Food for Thought was started by a group of people who would make sandwiches and then head to downtown Toledo to feed the homeless. Kruger says their mission then changed to raise funding for a food pantry stationed in Oregon, Ohio. But they decided that a stationary food pantry didn’t fit their needs, as “there are barriers to transportation”, so Food for Thought went mobile.


“We continued to evolve and include more comprehensive services, such as the food boxes to help teach people skills around nutrition,” Kruger said.


The group has three main branches that they use to help the Toledo community, the first of which is sandwich making.


“We do Friday lunch packing for Saturday morning delivery and we do this for the un-homed population in downtown Toledo,” Kruger said. “We go out to the bus stops and hand out peanut butter and jelly sandwiches sacks to the people that are there.”


According to Kruger, what Food for Thought really did was to take the idea of a mobile food pantry and made it into reality.


“We take a 17-foot trailer out into different areas of Toledo,” Kruger said. “We’re partnered with sites such as churches, schools and other community organizations. They advertise our service, we bring the truck in and we shop them through our pantry. It’s a choice pantry. So they walk through the trailer and choose what foods they think they will use in their household. We have about 13 different categories of food, including fresh and healthy food, which is unique to our pantry.”


Recently, the organization started exploring the new avenue of providing food boxes to those in need.

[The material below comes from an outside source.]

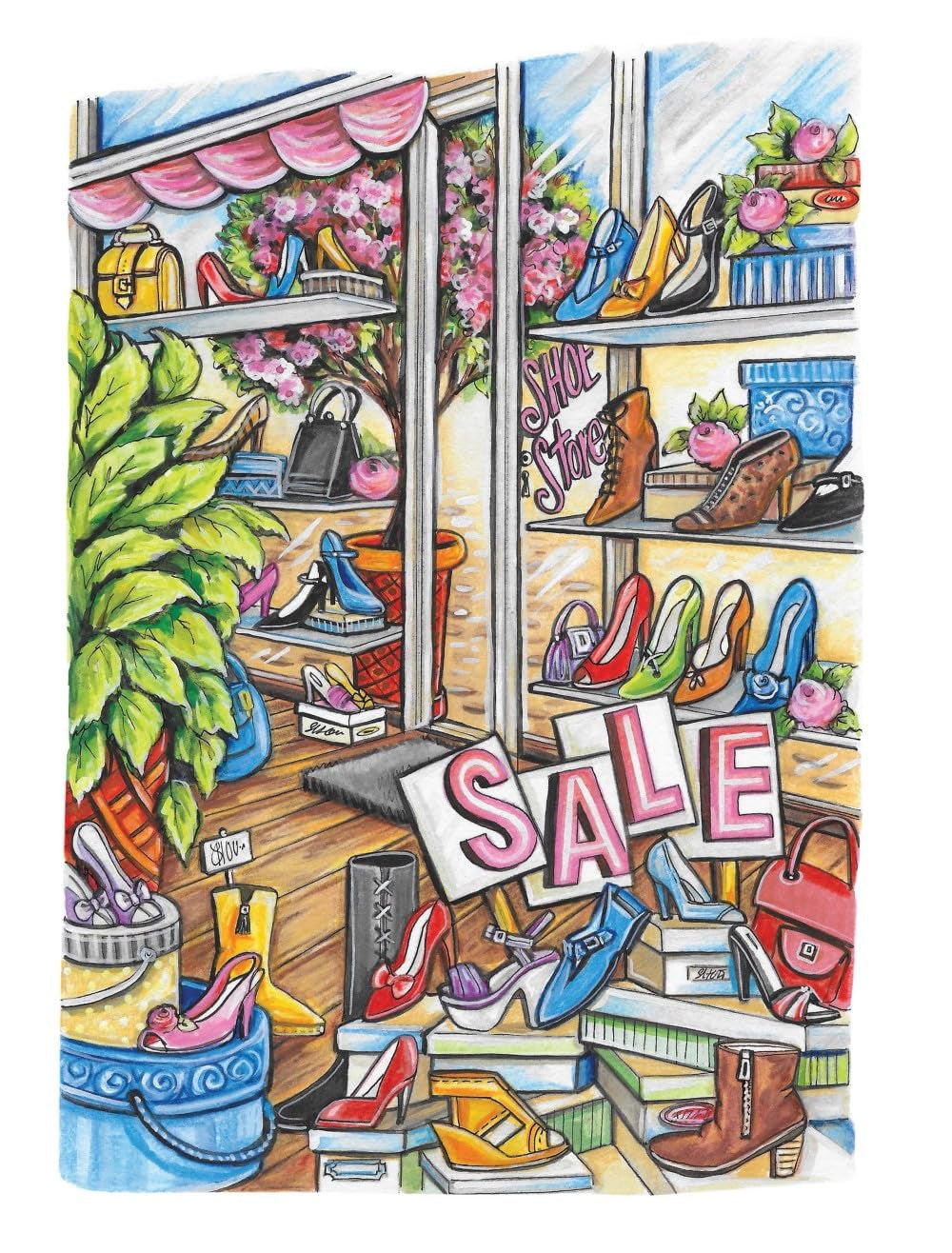 Creative Haven Main Street Coloring Book: Charming Storefronts and Cozy Town Scenes for Stress Relief and Relaxation (Adult Coloring Books: USA)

“We are partnered with Mercy and the neighborhood health association to provide everything someone needs to make a meal for a family of four, to pregnant women and also people who have diabetes,” Kruger said. “This is a little bit more comprehensive program. We teach them how to cook, so there’s cooking demonstrations, and they’re also able to try the food.”


Kruger said Food for Thought runs on volunteer power and that each year, students and volunteers give up over 11,000 hours to support their programs.


“In our mobile pantry, we serve about 22,000 individuals per year,” Kruger said. “A lot of folks. In our lunch packing, we pack 250 lunches each week. And then for our food box program, we serve about 75 people a month. Feeding that many people, we need to run on volunteers.”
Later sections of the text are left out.